I have pointed out to liberal friends that for all the talk about murder and gun control, everyone talks about Canada and Western Europe, no talks about Mexico and Russia. The Mexico’s gun laws are in some ways stricter than Canada’s. Here’s the NYT dishonest presentation of it:
Americans look at Mexico and see a country of relentless bloodshed, where heads are rolled into discos, where mutilated bodies show up a dozen at a time and where more than 60,000 people have been killed since the government began its assault on drug traffickers in 2006.
But Mexicans see their northern neighbor as awash in violence, too. They look with amazement at the ease with which guns can be purchased in the United States and at the gory productions coming out of Hollywood, and they shake their heads at the mass shootings last year in Tucson and last week in Aurora, Colo.
Why, Mexicans ask, don’t Americans tighten their gun laws? Doing so, they say, would stanch the violence both in the United States and in Mexico, where criminal groups wreak havoc with military-grade weapons smuggled in from the United States.

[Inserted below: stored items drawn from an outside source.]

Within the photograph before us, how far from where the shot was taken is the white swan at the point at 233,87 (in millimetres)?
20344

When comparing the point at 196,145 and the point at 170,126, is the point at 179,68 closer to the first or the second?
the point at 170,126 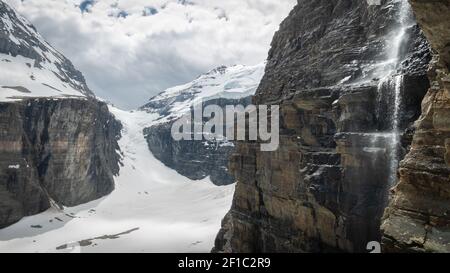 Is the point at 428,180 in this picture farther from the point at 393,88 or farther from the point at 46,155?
the point at 46,155

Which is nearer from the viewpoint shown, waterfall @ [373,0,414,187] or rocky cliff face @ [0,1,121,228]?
waterfall @ [373,0,414,187]

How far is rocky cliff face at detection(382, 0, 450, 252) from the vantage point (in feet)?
60.0

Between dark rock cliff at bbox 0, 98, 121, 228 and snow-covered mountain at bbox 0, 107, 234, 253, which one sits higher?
dark rock cliff at bbox 0, 98, 121, 228

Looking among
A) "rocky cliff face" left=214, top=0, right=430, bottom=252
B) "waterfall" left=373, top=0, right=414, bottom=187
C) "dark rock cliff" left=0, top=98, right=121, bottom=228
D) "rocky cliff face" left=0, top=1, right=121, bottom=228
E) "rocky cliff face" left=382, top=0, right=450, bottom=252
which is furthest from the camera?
"rocky cliff face" left=0, top=1, right=121, bottom=228

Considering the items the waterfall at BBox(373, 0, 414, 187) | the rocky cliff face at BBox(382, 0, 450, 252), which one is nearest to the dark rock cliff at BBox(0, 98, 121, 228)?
the waterfall at BBox(373, 0, 414, 187)

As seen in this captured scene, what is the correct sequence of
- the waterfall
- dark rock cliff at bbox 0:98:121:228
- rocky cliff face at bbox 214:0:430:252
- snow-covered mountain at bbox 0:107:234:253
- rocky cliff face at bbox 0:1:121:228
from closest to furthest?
the waterfall, rocky cliff face at bbox 214:0:430:252, snow-covered mountain at bbox 0:107:234:253, dark rock cliff at bbox 0:98:121:228, rocky cliff face at bbox 0:1:121:228

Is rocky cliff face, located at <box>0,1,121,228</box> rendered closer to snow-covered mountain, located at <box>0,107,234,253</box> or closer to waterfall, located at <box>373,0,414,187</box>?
snow-covered mountain, located at <box>0,107,234,253</box>

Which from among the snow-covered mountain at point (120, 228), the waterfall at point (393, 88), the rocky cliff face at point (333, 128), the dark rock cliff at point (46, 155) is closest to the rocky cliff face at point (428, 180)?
→ the rocky cliff face at point (333, 128)

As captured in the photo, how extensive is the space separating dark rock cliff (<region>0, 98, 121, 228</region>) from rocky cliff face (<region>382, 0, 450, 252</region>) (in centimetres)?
12212

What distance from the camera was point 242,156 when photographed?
63062 millimetres

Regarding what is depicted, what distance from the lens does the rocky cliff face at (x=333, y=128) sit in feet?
122

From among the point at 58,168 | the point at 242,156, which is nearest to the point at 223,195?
the point at 58,168

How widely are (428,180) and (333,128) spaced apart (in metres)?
23.5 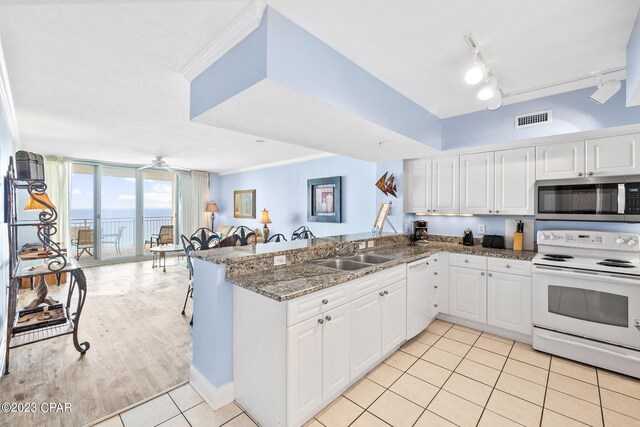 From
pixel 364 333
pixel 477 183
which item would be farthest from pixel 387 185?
pixel 364 333

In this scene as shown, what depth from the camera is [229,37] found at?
172cm

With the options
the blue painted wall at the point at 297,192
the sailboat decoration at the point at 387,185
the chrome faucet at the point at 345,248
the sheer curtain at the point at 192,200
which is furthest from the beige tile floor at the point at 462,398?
the sheer curtain at the point at 192,200

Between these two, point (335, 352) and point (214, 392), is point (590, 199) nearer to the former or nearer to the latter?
point (335, 352)

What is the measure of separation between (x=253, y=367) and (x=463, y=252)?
2.52m

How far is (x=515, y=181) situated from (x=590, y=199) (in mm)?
646

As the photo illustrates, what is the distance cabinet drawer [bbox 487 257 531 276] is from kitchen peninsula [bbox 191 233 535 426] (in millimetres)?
973

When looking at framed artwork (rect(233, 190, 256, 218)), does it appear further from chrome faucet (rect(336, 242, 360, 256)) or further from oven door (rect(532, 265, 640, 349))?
oven door (rect(532, 265, 640, 349))

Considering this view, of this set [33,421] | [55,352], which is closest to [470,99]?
[33,421]

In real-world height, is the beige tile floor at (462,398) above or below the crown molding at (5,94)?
below

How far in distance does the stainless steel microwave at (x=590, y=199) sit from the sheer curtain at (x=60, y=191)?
8190 mm

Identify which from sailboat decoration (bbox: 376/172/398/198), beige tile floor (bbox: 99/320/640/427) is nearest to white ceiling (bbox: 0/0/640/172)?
sailboat decoration (bbox: 376/172/398/198)

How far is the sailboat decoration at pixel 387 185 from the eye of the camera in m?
3.94

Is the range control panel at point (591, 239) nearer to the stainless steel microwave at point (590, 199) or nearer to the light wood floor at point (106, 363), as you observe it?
the stainless steel microwave at point (590, 199)

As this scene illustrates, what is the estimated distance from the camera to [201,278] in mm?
2059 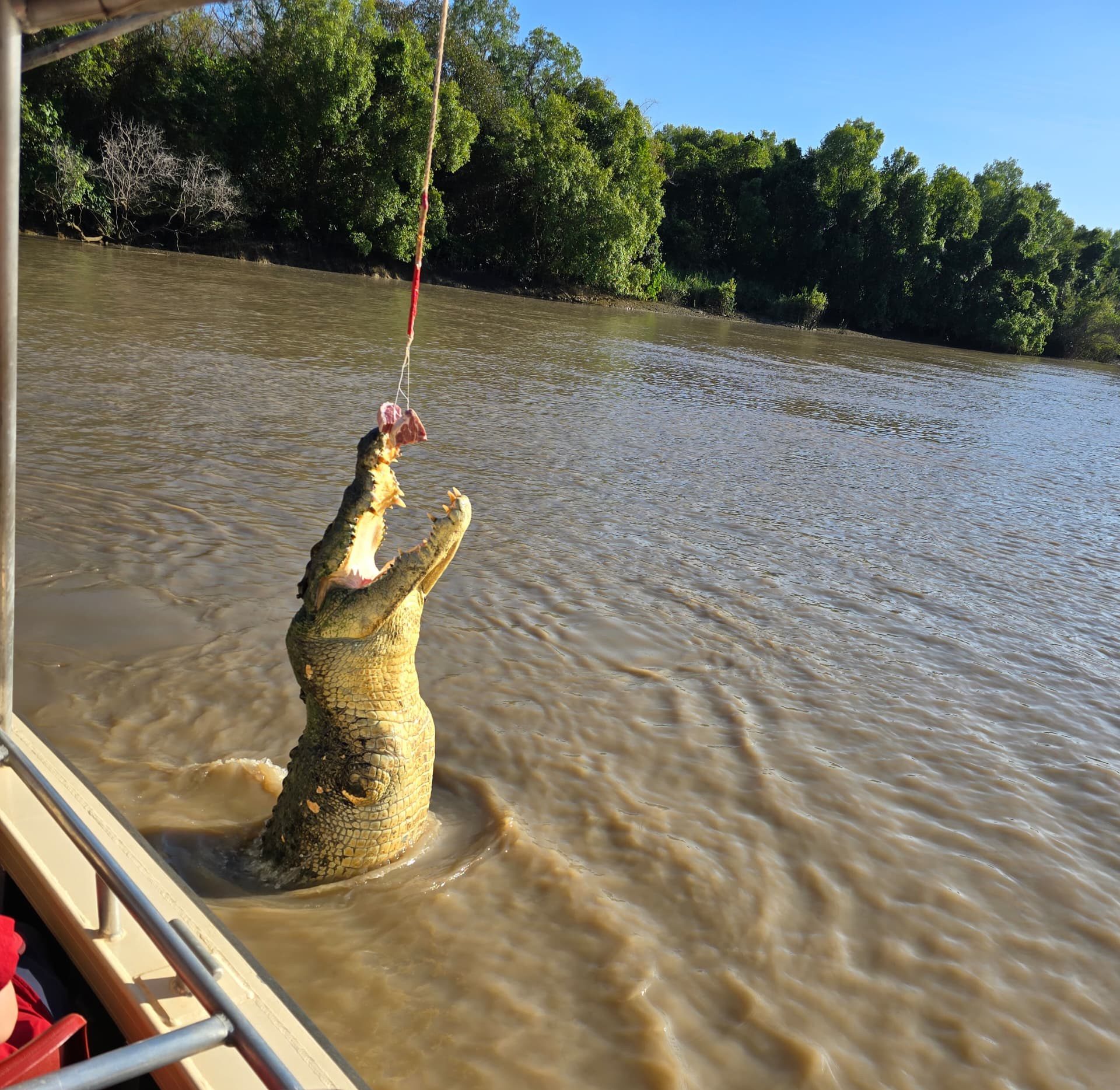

Why dishonest? Mexican gun violence is higher than the US. Nor do all the illegal arms come from the US, they also come from other violent countries in central America, and some of the military grade weapons are left over from both US and Soviet interests during the cold war. Gun control alone does not explain that, and the unattributed assertions of the NYT do not go with my anecdotal experience talking to Mexicans here in narco-crime truamaized Northern Mexico. The randomness of US mass killings does shock here in Mexico; however, so does the randomness of the cartel violence. It is impossible to tell if this is cultural or mass killers just become narco-enforcers–it, however, is not the availability of weapons.
So what’s the difference? If I had to put money on it: It is relative poverty mixed with inequality. Canada has a small population and the lowest wealth inequity in North America. Mexico and the United States have severe wealth inequality, and even though things are improving here in Mexico, much more poverty than the either the US or Canada.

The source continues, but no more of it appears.